*TASK DETAILS*
Skip the pictures. Give all the data again exactly.

[Items from a dataset]

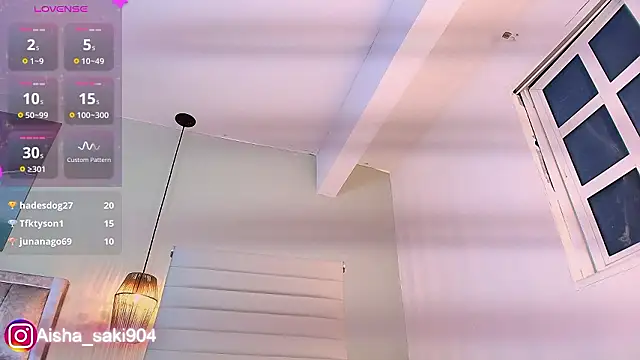 aisha_sakina Obrolan Langsung XXX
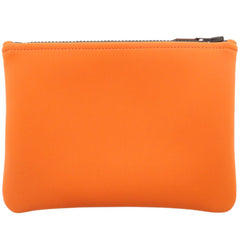 Hermes Neoban PM Polyamide Orange Handbag Pouch 0820HERMES — Like New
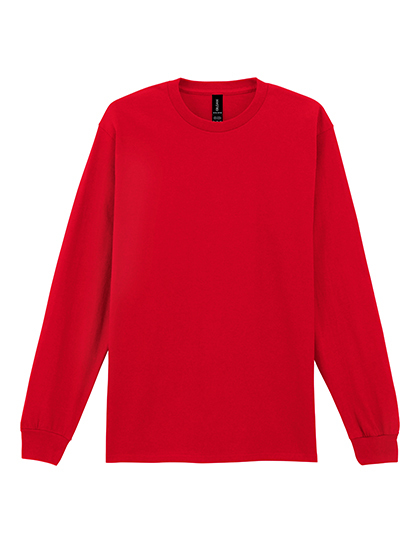 Adult Long Sleeve T-Shirt-Gildan Ultra Cotton 4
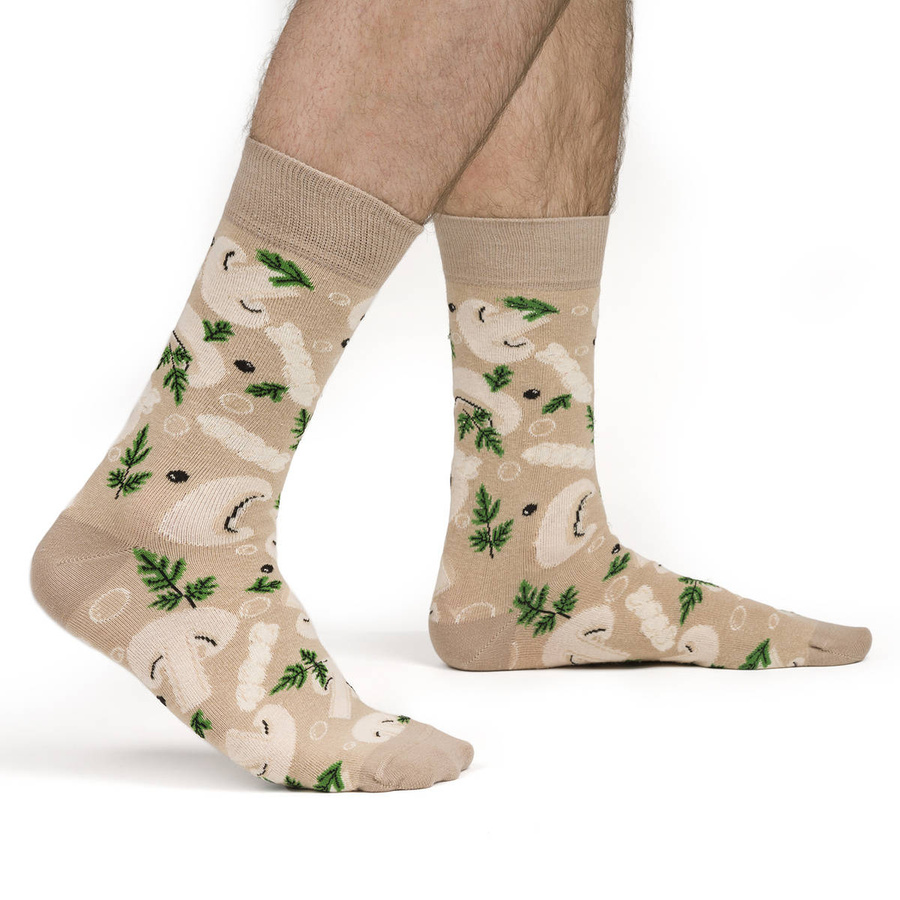 Șosete din bumbac pentru bărbați Trendy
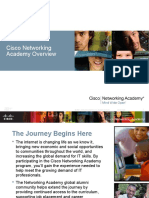 Cisco Networking Academy Overview: © 2007 - 2010, Cisco Systems, Inc. All Rights Reserved. Cisco Public ITE PC v4.1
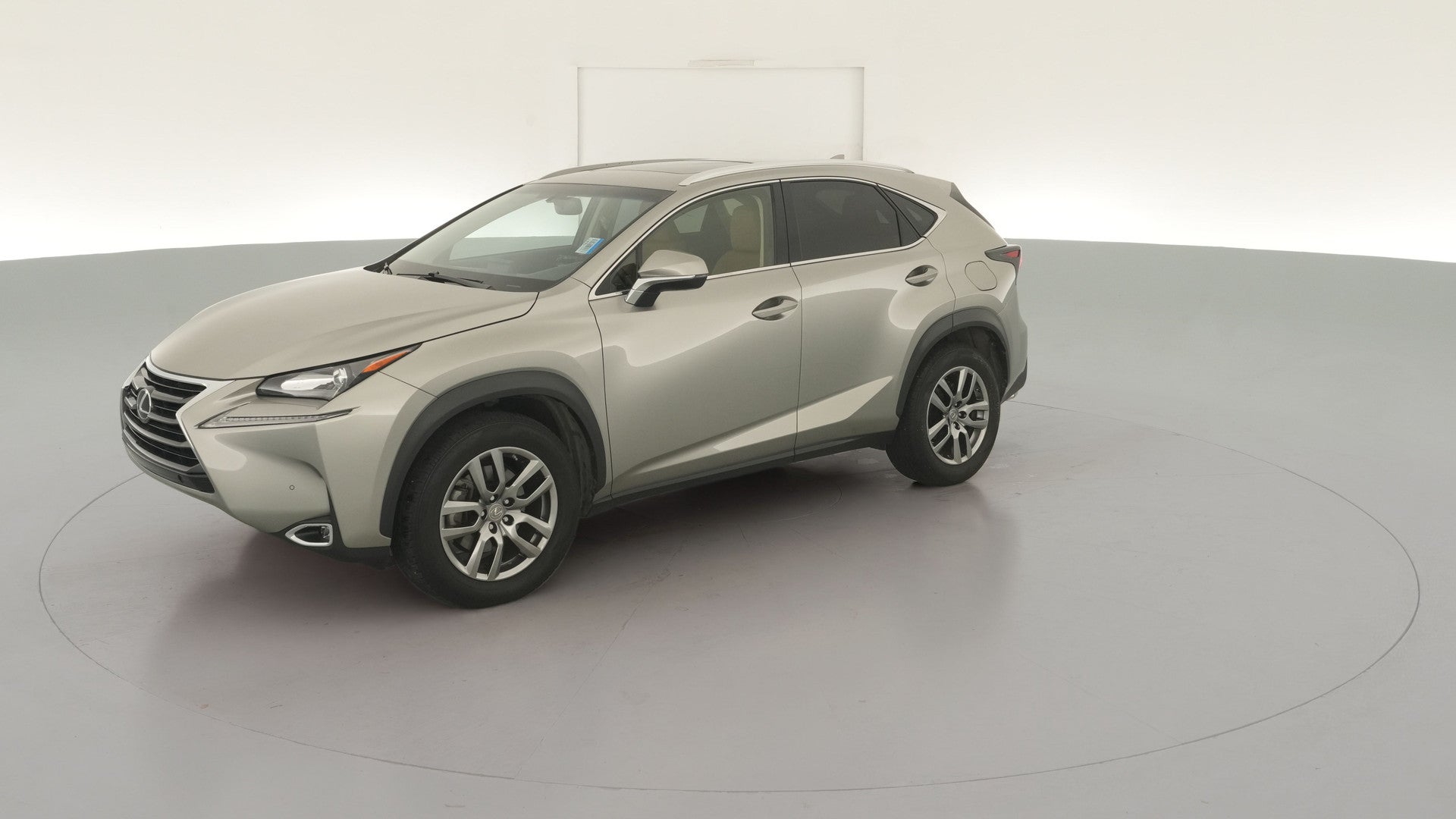 2016 Lexus NX vehicle photo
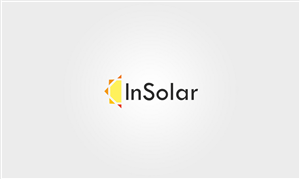Logo Design by GeorgeLogoDesign for InSolar | Design: #2922944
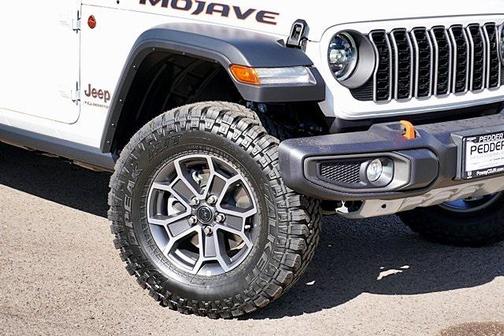 2025 Jeep Gladiator Mojave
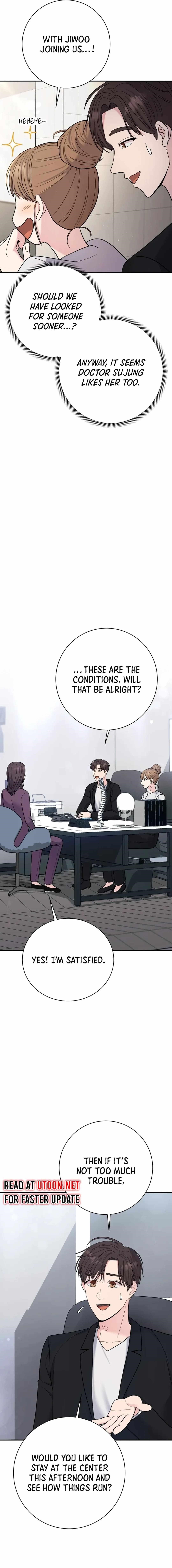 The Miraculous Physical Therapist Chapter 68 - Page 14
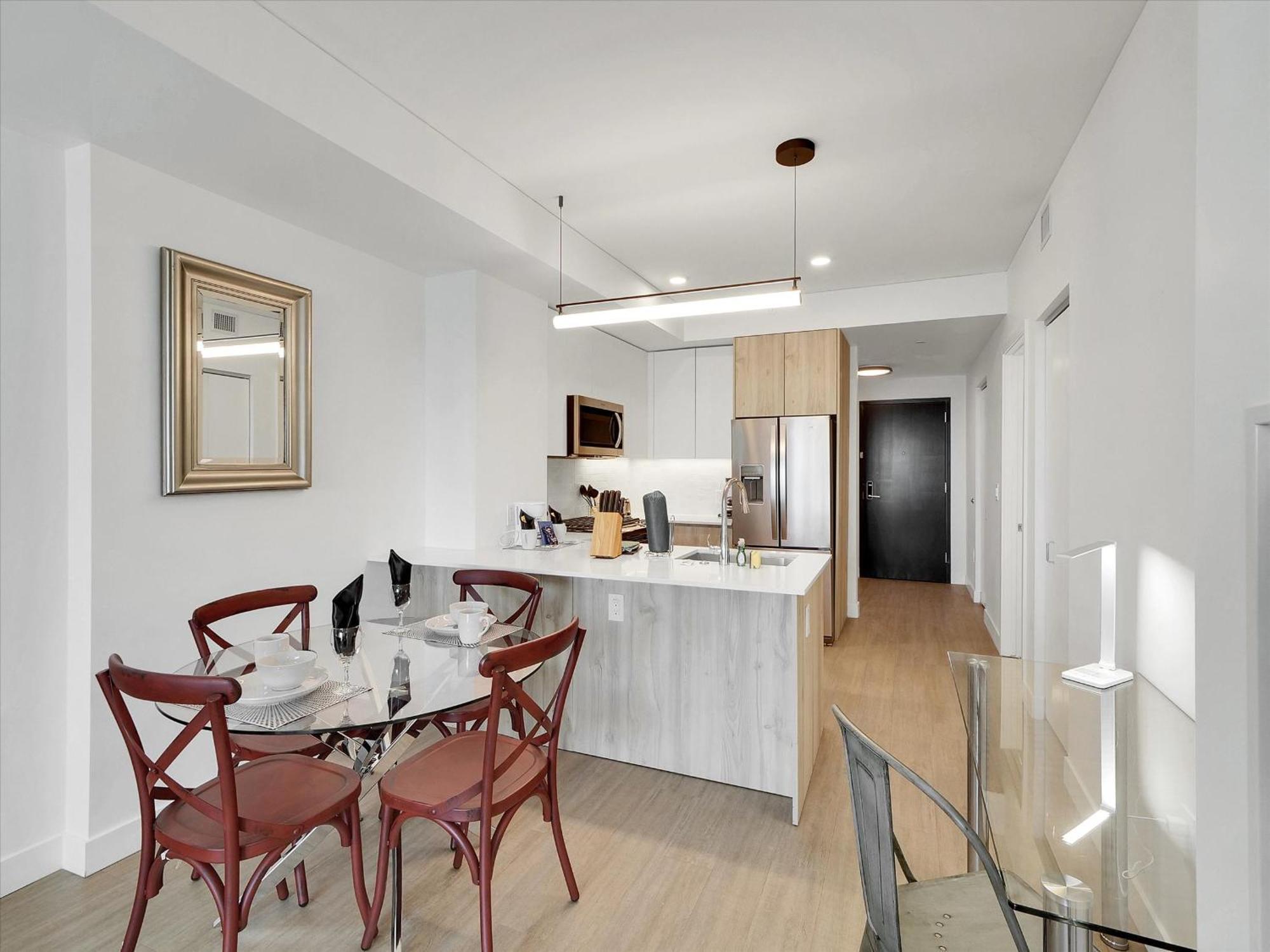 Global Luxury Suites At Downtown Phoenix Luaran gambar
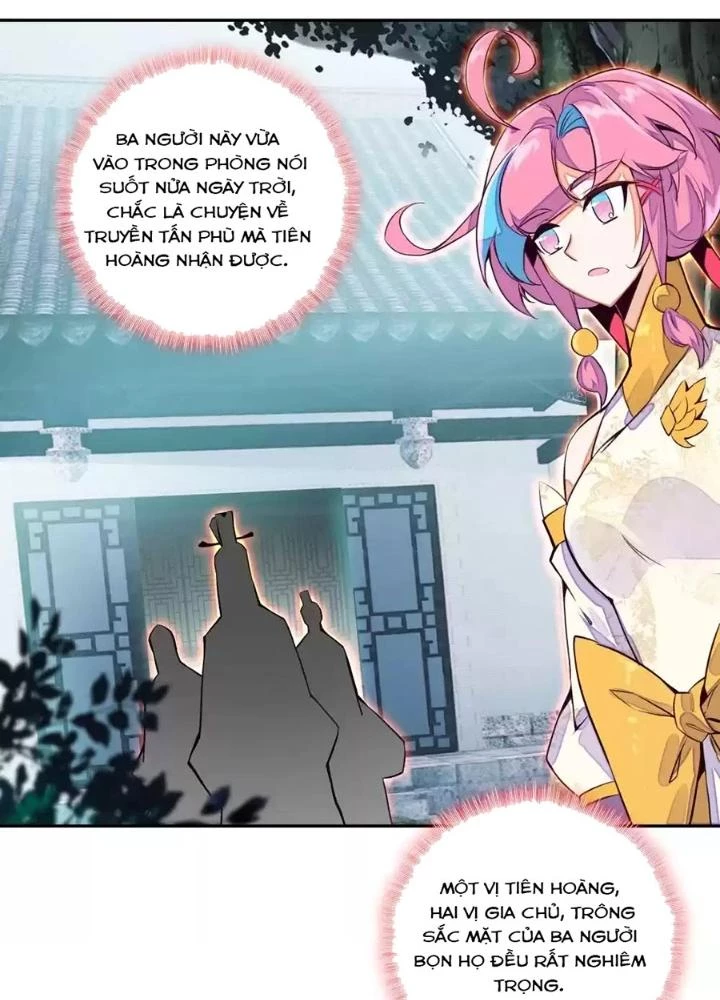 Lão Đại Xuyên Không Thành Tiên Nữ Chapter 245 - Trang 2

*COMPLETED TASK*
 aisha_sakina Obrolan Langsung XXX
 Hermes Neoban PM Polyamide Orange Handbag Pouch 0820HERMES — Like New
 Adult Long Sleeve T-Shirt-Gildan Ultra Cotton 4
 Șosete din bumbac pentru bărbați Trendy
 Cisco Networking Academy Overview: © 2007 - 2010, Cisco Systems, Inc. All Rights Reserved. Cisco Public ITE PC v4.1
 2016 Lexus NX vehicle photo
Logo Design by GeorgeLogoDesign for InSolar | Design: #2922944
 2025 Jeep Gladiator Mojave
 The Miraculous Physical Therapist Chapter 68 - Page 14
 Global Luxury Suites At Downtown Phoenix Luaran gambar
 Lão Đại Xuyên Không Thành Tiên Nữ Chapter 245 - Trang 2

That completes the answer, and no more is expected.